Hello Azure Search Team,
Sorry if the question seems big but I wanted to explain it with some data which might make the question look verbose.
I'm from PowerBI team and have a question based on the documentation of the Search Highlight feature that we have in Azure Search.
I created an Azure Based Search index yesterday with a sample document like below.
"DocumentId": "257d13f0-ea1f-412f-9858-baa49b35f6b5",
"ModelId": "78869cb7-352e-4415-911e-464308c6d8d9",
"TableId": "Employees",
"ColumnId": "Details",
"ColumnValues": [
"Boston Massachusetts",
"Tampa Florida",
"Palo Alto California",
"Sentenceeeeeeeeeeeeeeeeeeeeeee with 101 characters tokenwith50characterssssssssssssssssssssssssssssss",
"Data is repeated Data is repeated Data is repeated",
"Data is repeated. Data is repeated.

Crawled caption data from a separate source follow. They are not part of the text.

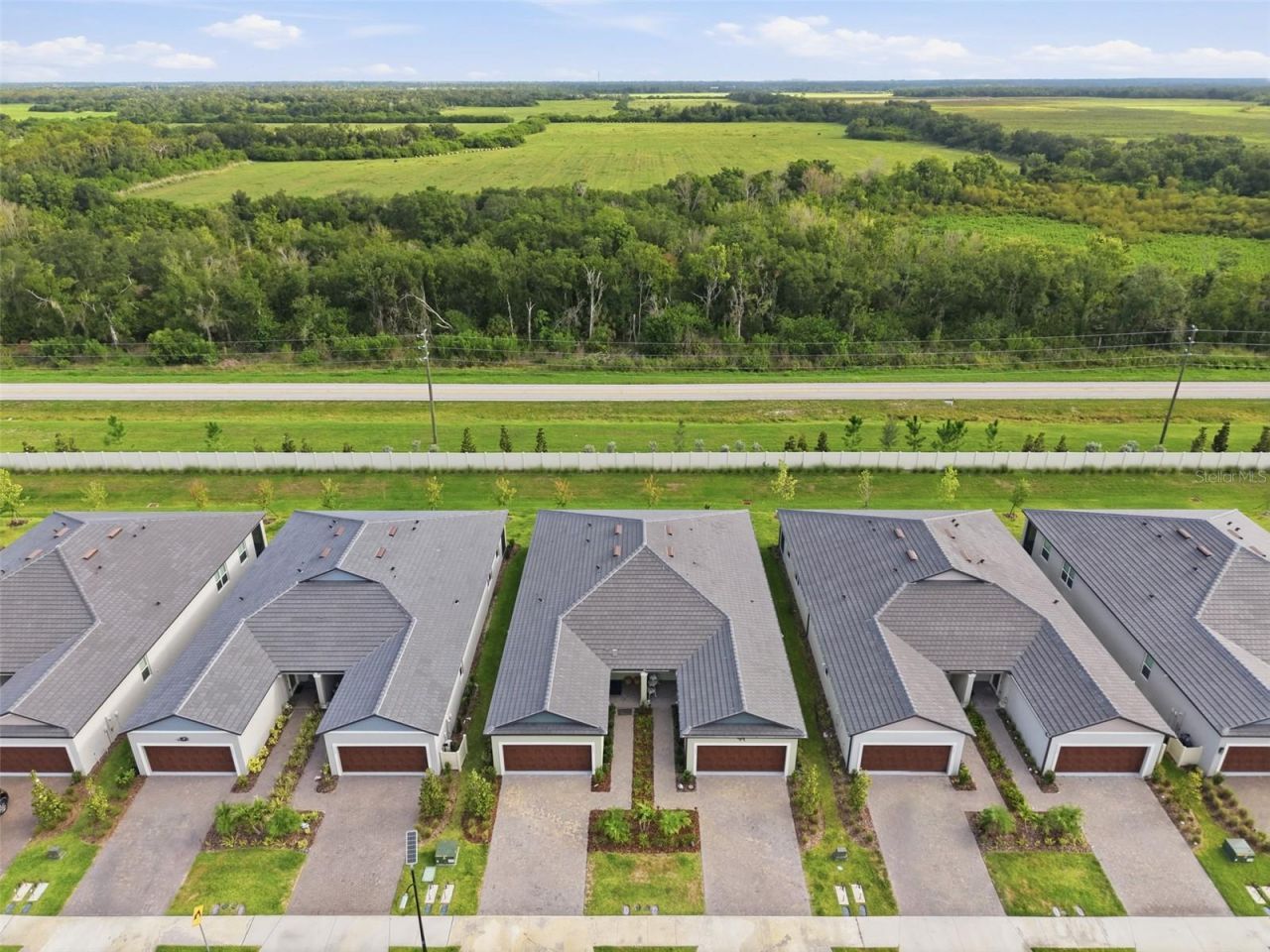 12593 Lily Quartz Loop , Parrish, FL 34219 Photo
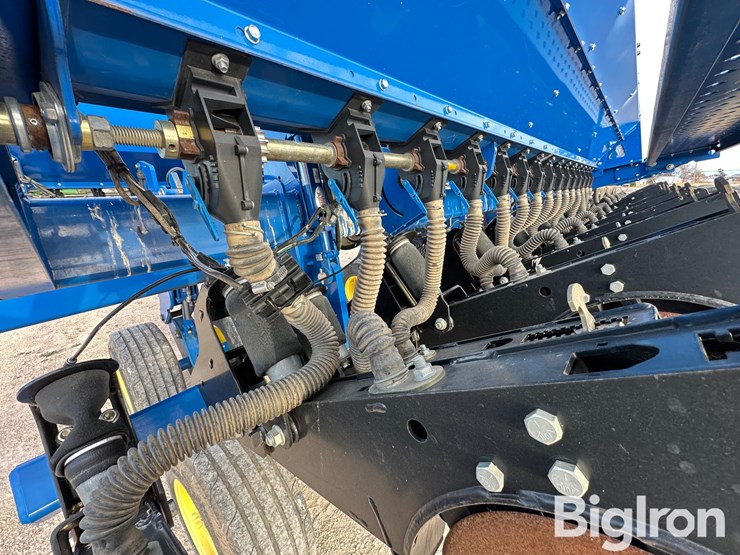 2018-landoll-5540-50x10-image-18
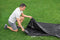 Bestway Flowclear Pool Cover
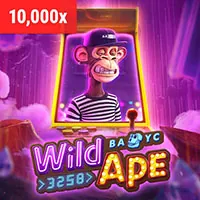 Game Nổ Hũ Hoa Quả May Mắn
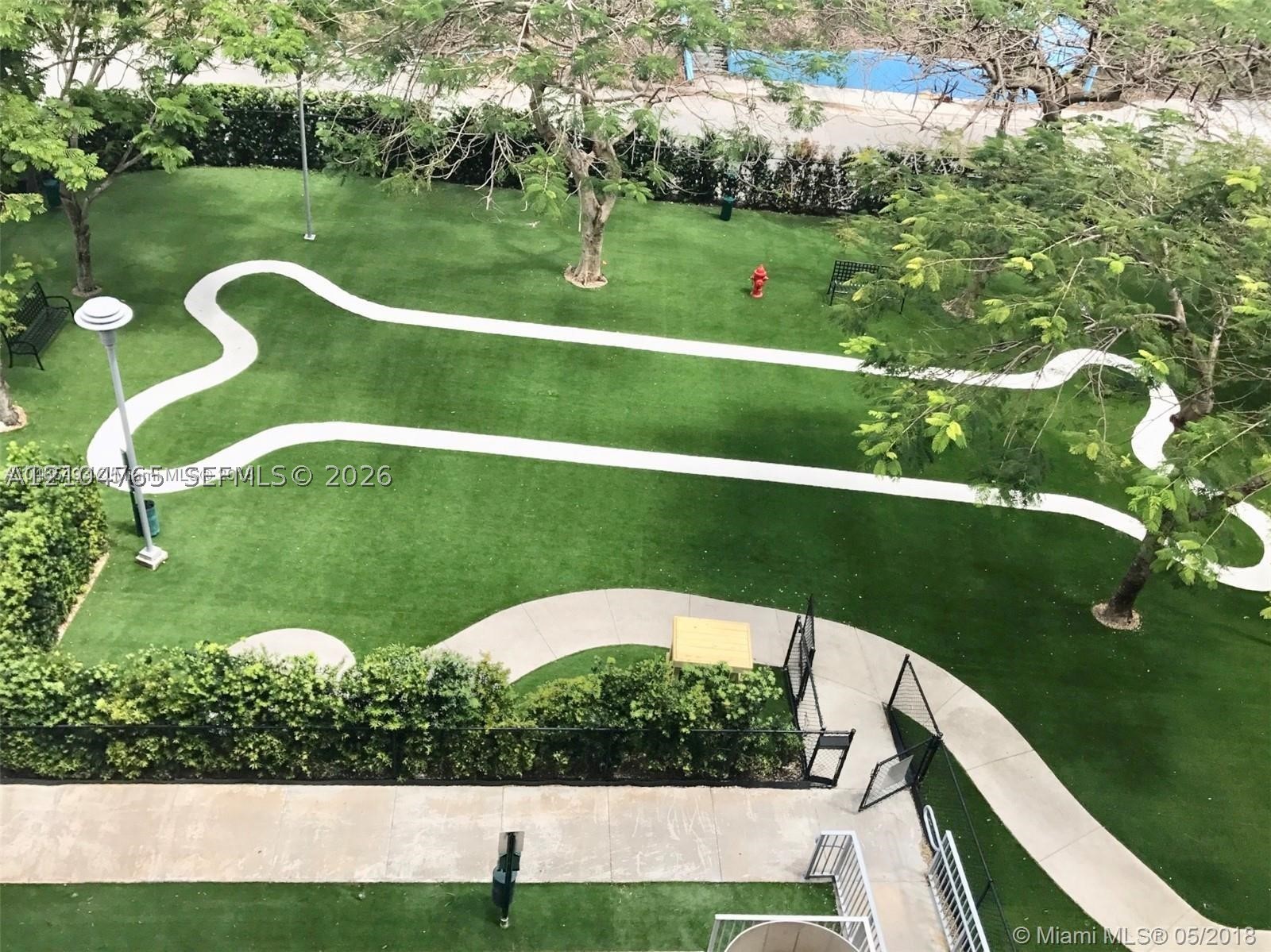 10 SW South River Dr #1202, Miami FL 33130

Data is repeated.",
"Washington",
"Washington D.C"
]
Note that only the "ColumnValues
" is searchable. Also, notice the repeated values in ColumnValues[4]
and ColumnValues[5]
with and without a English sentence separator(.) (Assuming index starts at 0).
Now, if a user searches for "Data"
, we'd pass the below search query to Azure Search:
\"/.*Data.*/\" &queryType=full &highlight=ColumnValues-100&highlightPreTag=''&highlightPostTag=" &searchMode=any &$top=1500 &$count=true
Below is the response from Azure Search API in the search portal:
{
"@odata.context": "https://huynazuresearch1.search.windows.net/indexes('columnbasedindex')/$metadata#docs(*)",
"@odata.count": 1,
"value": [
{
"@search.score": 1,
"@search.highlights": {
"ColumnValues": [
"''Data\" is repeated ''Data\" is repeated ''Data\" is repeated",
"''Data\" is repeated.",
"''Data\" is repeated.",
"''Data\" is repeated."
]
},
"DocumentId": "257d13f0-ea1f-412f-9858-baa49b35f6b5",
"ModelId": "78869cb7-352e-4415-911e-464308c6d8d9",
"TableId": "Employees",
"ColumnId": "Details",
"ColumnValues": [
"Boston Massachusetts",
"Tampa Florida",
"Palo Alto California",
"Sentenceeeeeeeeeeeeeeeeeeeeeee with 101 characters tokenwith50characterssssssssssssssssssssssssssssss",
"Data is repeated Data is repeated Data is repeated",
"Data is repeated. Data is repeated. Data is repeated.",
"Washington",
"Washington D.C"
]
}
]
}
Now, we get the document in return as expected but we do some processing on Search Highlight values returned by Azure Search.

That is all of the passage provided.